After seeing the main wall consisting of drawings of humans, livestock and maybe even a god, we continued seeing little pieces of art drawn up high on the walls. We imagined what they could mean, knowing we were probably completely wrong.

I enjoyed some beautiful climbs on our way back to the van. My favourite of which was an orange slab with slopey holds in the beginning, some tricky traversing, then a beautiful crack behind a white piece of rock where I finished.

I pushed it on another beautiful overhung climb that had a couple of chalk spots on it for hints, then watched Dan tackle a couple of nice routes.

The more we climbed, the higher we got, so the higher the falls. I was happy to do a little down climbing to reduce my jumping height more than once.

As Dan picked me up from my last climb, at a low ledge, he pointed beyond me to another owl, this one big and white. This one had two yellow eyes open – both of which were staring straight at Dan. When I peeked my head around the corner to see him, his neck gave a big twist as he shifted his attention to me. While we did our best to not disturb him, once Cleo saw him, he was out of there, spreading his wings and flying over us to a better sleeping spot.

It was a gentle paddle now back to where we started. The height of the cliffs came down and the silence we’d enjoyed back at camp was long gone, replaced by party boats playing music as they cruised.

We were happy to see the van just where we’d left it and even happier to find our beers still cold in the fridge. Our first priority was having a couple before unloading the boat and parking it back on the roof of the van. Some storm clouds brewed overhead while I made a small lunch and we decided on our next move.

There was potential to stay by the canyon another night but we decided to move on to the cooler temperatures available in Flagstaff.

I was totally beat from the sun and the climbing so Dan was happy to drive us the hour or so to Flagstaff. We were chased by storm clouds the entire way and they ended up catching us just as we drove into the ever-familiar Flag. It was approaching 4pm and we had only two missions: find a spigot to fill up with water and find a secluded camp.

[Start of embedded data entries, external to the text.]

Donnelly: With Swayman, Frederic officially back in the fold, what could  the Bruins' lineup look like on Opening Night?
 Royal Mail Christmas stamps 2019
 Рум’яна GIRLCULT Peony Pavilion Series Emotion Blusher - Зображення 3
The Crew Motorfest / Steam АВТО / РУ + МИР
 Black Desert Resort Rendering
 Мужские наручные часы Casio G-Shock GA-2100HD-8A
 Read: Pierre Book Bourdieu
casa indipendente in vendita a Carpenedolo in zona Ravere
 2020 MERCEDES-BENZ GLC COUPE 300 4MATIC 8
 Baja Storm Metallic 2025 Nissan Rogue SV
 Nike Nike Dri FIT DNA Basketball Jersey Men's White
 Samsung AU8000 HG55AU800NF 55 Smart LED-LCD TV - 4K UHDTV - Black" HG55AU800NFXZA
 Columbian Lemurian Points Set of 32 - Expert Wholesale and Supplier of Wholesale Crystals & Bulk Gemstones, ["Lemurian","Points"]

The spigot proved difficult, but we eventually scored at the back of a shopping complex where we were treated to crisp-tasting water probably straight off the surrounding mountains. Following that, we hit the first National Forest road north of town and, not discouraged by the dozens of campers at the first pullout, including “bird lady” – a lady sitting by her car with a bird cage – we carried on into the forest.

Our first attempt involved moving some large rocks to the side – obviously placed there to discourage us. Turned out it was for good reason. The end of the road was not flat and was in sight of the highway so we tried again down a different trail.

We watched as a gaggle of mountain bikers (over thirty of them) departed on a race of some sort, following each other through the trees.

After passing multiple campers and a rocky section of road, we found our spot. Out of sight from everybody with only trees for company. Perfect.

Dan turned the passenger seat around and lounged in it while Cleo and I lounged in bed. We swapped stories and listened to the rain.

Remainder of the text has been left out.